Many of them were cruel. Matter of fact, an inordinate number were laced with vindictive language and resentment against the deceased Reverend.

He lived for ninety-nine years, so trying to abridge his life into one space of time is completely impossible. So the last generation only has insights on the occasional press release which came from his home in North Carolina and the actions of his son, Franklin Graham.

G-Pop feels the same way about Billy Graham as he does about Michael Jackson. G-Pop is not sure either one of them would appreciate the comparison, but every person’s life, including Michael and Billy, comes down to two questions.

What did he or she do?

What did he or she miss?

Can it be as simple as the good doings outweighing the bad, which means someone ends up righteous?

Yes. Any other standard would be prejudicial.

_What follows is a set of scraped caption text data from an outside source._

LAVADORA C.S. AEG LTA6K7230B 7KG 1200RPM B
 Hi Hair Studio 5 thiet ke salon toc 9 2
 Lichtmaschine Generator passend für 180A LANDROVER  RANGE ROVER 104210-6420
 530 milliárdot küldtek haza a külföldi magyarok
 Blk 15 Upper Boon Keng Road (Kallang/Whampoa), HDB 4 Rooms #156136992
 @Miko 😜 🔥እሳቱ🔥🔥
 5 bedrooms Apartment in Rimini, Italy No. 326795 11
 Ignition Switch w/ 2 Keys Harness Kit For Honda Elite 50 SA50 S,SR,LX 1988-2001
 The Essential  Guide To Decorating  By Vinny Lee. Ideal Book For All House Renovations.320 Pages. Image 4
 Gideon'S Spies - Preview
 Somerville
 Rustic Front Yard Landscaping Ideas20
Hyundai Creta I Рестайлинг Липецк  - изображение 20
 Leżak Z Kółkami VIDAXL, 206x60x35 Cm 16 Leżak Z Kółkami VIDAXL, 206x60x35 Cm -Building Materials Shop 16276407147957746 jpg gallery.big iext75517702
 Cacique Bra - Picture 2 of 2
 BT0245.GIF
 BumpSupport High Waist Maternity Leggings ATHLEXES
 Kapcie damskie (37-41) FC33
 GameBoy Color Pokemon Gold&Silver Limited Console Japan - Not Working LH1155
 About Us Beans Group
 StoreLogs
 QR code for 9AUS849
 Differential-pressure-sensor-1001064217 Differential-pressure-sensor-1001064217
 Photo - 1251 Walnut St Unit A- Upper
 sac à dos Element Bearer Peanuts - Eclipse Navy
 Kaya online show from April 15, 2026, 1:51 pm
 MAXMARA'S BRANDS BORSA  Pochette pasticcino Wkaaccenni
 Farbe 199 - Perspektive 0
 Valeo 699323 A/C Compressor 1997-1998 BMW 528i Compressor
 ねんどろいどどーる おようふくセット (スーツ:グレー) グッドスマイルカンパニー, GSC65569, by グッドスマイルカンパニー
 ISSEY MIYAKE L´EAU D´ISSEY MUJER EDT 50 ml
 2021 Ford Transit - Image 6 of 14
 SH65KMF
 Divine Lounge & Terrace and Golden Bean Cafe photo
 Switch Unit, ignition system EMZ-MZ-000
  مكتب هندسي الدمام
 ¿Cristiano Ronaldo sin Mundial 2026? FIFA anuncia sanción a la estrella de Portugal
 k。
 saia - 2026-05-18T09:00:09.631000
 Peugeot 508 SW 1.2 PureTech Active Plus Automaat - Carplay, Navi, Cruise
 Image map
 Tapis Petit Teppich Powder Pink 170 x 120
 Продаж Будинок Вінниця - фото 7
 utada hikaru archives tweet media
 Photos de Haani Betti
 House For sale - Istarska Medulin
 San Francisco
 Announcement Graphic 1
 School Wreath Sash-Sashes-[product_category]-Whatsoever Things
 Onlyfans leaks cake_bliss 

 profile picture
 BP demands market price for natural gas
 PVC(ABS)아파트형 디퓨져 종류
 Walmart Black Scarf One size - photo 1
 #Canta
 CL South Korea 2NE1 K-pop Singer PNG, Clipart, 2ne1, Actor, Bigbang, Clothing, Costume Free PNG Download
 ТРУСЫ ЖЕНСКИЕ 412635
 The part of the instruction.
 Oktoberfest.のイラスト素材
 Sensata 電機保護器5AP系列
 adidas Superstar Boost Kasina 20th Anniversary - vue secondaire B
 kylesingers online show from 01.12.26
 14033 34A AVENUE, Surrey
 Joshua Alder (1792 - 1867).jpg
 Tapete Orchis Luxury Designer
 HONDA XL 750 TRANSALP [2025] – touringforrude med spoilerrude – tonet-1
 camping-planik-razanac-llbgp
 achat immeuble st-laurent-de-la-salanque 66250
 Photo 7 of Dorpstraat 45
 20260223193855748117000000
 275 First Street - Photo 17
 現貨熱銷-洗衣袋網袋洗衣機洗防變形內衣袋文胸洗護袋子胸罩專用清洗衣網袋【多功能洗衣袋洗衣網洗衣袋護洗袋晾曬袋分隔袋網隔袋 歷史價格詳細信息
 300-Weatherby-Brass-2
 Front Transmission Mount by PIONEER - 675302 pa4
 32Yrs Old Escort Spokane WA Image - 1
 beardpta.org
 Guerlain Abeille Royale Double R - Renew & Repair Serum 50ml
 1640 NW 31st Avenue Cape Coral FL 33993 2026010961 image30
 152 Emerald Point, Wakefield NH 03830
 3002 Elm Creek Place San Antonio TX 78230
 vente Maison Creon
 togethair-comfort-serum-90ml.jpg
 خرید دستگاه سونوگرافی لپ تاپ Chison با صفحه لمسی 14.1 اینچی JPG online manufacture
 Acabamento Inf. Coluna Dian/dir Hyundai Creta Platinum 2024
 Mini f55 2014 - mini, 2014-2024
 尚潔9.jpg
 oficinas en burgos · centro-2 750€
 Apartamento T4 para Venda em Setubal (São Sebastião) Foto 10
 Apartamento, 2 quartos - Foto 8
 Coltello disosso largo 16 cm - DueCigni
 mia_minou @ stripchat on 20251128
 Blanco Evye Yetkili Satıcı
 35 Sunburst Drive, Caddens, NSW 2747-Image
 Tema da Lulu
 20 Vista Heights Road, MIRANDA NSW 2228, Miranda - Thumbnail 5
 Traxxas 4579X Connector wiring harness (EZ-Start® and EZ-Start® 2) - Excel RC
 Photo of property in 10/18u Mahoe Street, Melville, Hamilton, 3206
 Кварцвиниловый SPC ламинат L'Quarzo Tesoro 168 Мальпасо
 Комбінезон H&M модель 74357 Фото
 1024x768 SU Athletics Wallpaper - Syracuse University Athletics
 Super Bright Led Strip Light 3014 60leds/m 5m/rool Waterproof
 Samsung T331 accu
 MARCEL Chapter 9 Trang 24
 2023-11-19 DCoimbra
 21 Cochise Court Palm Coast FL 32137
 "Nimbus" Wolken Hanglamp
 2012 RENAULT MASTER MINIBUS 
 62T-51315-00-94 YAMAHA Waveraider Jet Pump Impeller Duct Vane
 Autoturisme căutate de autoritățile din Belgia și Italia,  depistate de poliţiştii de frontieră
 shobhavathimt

What did Billy Graham do? He preached the Gospel to the whole world. Granted, it was a particular gospel–focused mainly on repenting of sin, accepting Jesus Christ as your personal savior and being baptized. Therefore he missed the greater glories of the Gospel of Jesus:

  • Abundant life
  • Mercy to others in order to obtain mercy
  • Refusing to judge fellow humans
  • Wise to stay away from politics.

Michael Jackson arguably wrote the most unique blend of R & B and pop music ever penned. The tunes were filled with humanity, generosity, giving, joy and tolerance. We also have to note that he missed the opportunity to learn to love himself or accept who he was, and in the process may have accidentally damaged the lives of some young people because he was abused as a child.

Billy Graham stayed married to the same woman and was never involved in a sexual scandal throughout his entire ministry.

Yet he missed the opportunity to link arms with Dr. Martin Luther King, Jr., and failed to encourage the South to join the North, East and West to accept civil rights in this country.

He missed the moment when the gay community sought equality as citizens, and instead evaluated them by his moral code and traditions, dating back thousands of years.

Michael Jackson was generous, childlike and desperately tried to address world hunger while simultaneously destroying himself through drug abuse.

It would be terrible if Dr. Billy Graham were to be known as “Billy Graham Cracker.”

Just as horrible would be “Michael Jackson, child molester.”

G-Pop thinks both of these men established that they had hearts to do more good than bad. The weakness of each one showed up at poor times in their personal histories, but with confidence, G-Pop will continue to respect their journeys.

So every time G-Pop hears the old hymn, “Just as I am without one plea,” he will think of the love, efforts and mission of Billy Graham of North Carolina.

And when G-Pop hears Beat It, Billy Jean and Man in the Mirror, his eyes will tear up over the memory of one of the greatest talents that ever inhabited the Earth.

If G-Pop expects this same quarter when he dies–to be evaluated by what he’s done, minus what he missed, hoping for a positive total–then he must first extend that grace to others.

We must first extend that grace to others.